Ohtsuka T, Ishibashi M, Gradwohl G, Nakanishi S, Guillemot F, Kageyama R
Institute for Virus Research, Kyoto University, Shogoin-Kawahara, Sakyo-ku, Kyoto 606-8507, USA.
EMBO J. 1999 Apr 15;18(8):2196-207. doi: 10.1093/emboj/18.8.2196.
While the transmembrane protein Notch plays an important role in various aspects of development, and diseases including tumors and neurological disorders, the intracellular pathway of mammalian Notch remains very elusive. To understand the intracellular pathway of mammalian Notch, the role of the bHLH genes Hes1 and Hes5 (mammalian hairy and Enhancer-of-split homologues) was examined by retrovirally misexpressing the constitutively active form of Notch (caNotch) in neural precursor cells prepared from wild-type, Hes1-null, Hes5-null and Hes1-Hes5 double-null mouse embryos.
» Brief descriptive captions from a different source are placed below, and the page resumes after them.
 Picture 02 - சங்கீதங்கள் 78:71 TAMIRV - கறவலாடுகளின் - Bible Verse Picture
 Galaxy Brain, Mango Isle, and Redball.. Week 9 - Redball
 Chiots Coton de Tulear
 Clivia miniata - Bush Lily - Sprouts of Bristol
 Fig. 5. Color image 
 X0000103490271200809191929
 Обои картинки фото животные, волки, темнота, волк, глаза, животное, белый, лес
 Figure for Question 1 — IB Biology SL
We found that caNotch, which induced the endogenous Hes1 and Hes5 expression, inhibited neuronal differentiation in the wild-type, Hes1-null and Hes5-null background, but not in the Hes1-Hes5 double-null background. These results demonstrate that Hes1 and Hes5 are essential Notch effectors in regulation of mammalian neuronal differentiation.
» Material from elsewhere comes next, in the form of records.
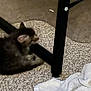 cat, carpet, table_leg, towel, indoor, small_cat, blur, furniture, floor, animal, pet, resting, brown_cat, white_towel, texture, corner, domestic, soft, quiet, cozy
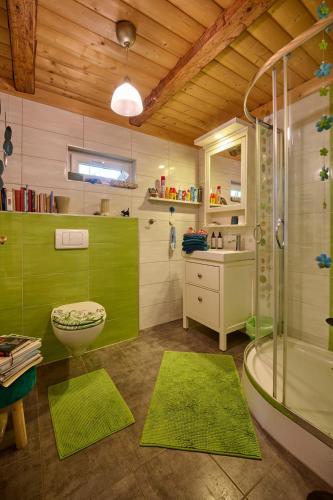 a bathroom with a shower and a toilet and a sink at Petite Noel in Güssing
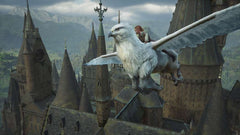Hogwarts Legacy [Nintendo Switch 2] Nintendo Switch 2 Video Game WB Games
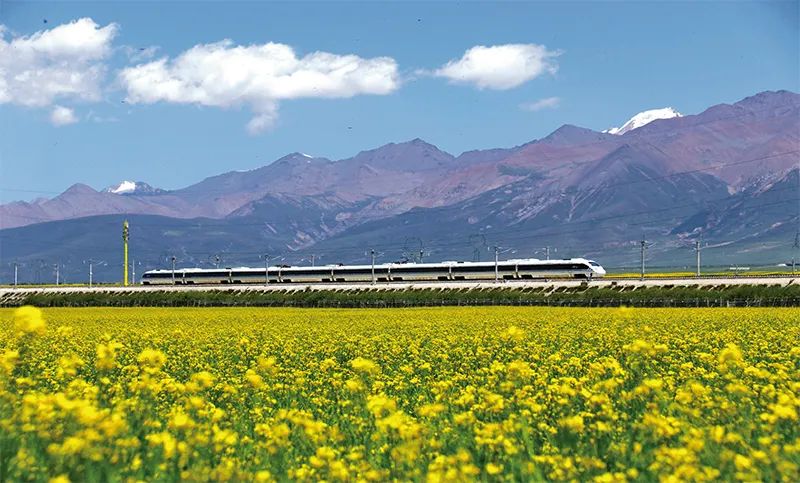 張玉卓、國資、央企、國資委、書記、主任、國企、企業(yè)改革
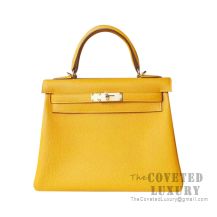 Hermes Kelly 25 Handbag 9D Ambre Togo GHW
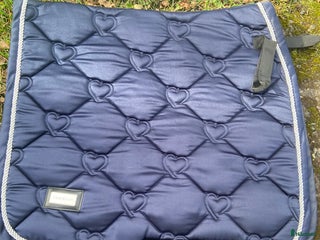 Schabrak & Vojlockar hästutrustning till salu: Olika schabrak - Annons 16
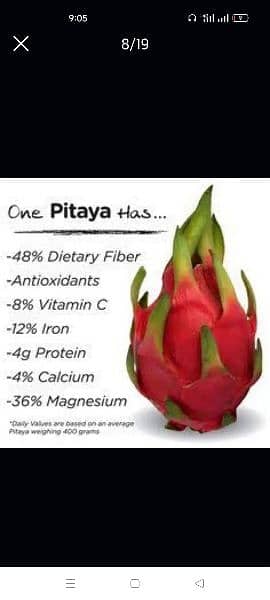 Dragon fruit plants available 6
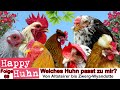 E69 Welches Huhn passt zu mir? Rassewahl - HAPPY HUHN - 50 Hühnerrassen im Vergleich, Hühner Auswahl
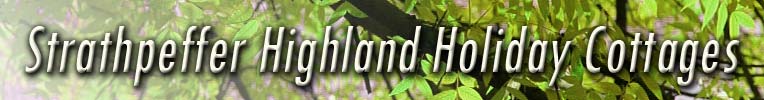 Beechwood Highland Holiday Cottages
虽然跨膜蛋白Notch在发育的各个方面以及包括肿瘤和神经疾病在内的多种疾病中发挥着重要作用,但哺乳动物Notch的细胞内信号通路仍然非常难以捉摸。为了了解哺乳动物Notch的细胞内信号通路,我们通过逆转录病毒在从野生型、Hes1基因敲除、Hes5基因敲除以及Hes1-Hes5双基因敲除小鼠胚胎制备的神经前体细胞中错误表达组成型激活形式的Notch(caNotch),来研究bHLH基因Hes1和Hes5(哺乳动物毛状和分裂增强子同源物)的作用。我们发现,能诱导内源性Hes1和Hes5表达的caNotch在野生型、Hes1基因敲除和Hes5基因敲除背景下抑制神经元分化,但在Hes1-Hes5双基因敲除背景下则不然。这些结果表明,Hes1和Hes5是调节哺乳动物神经元分化的关键Notch效应器。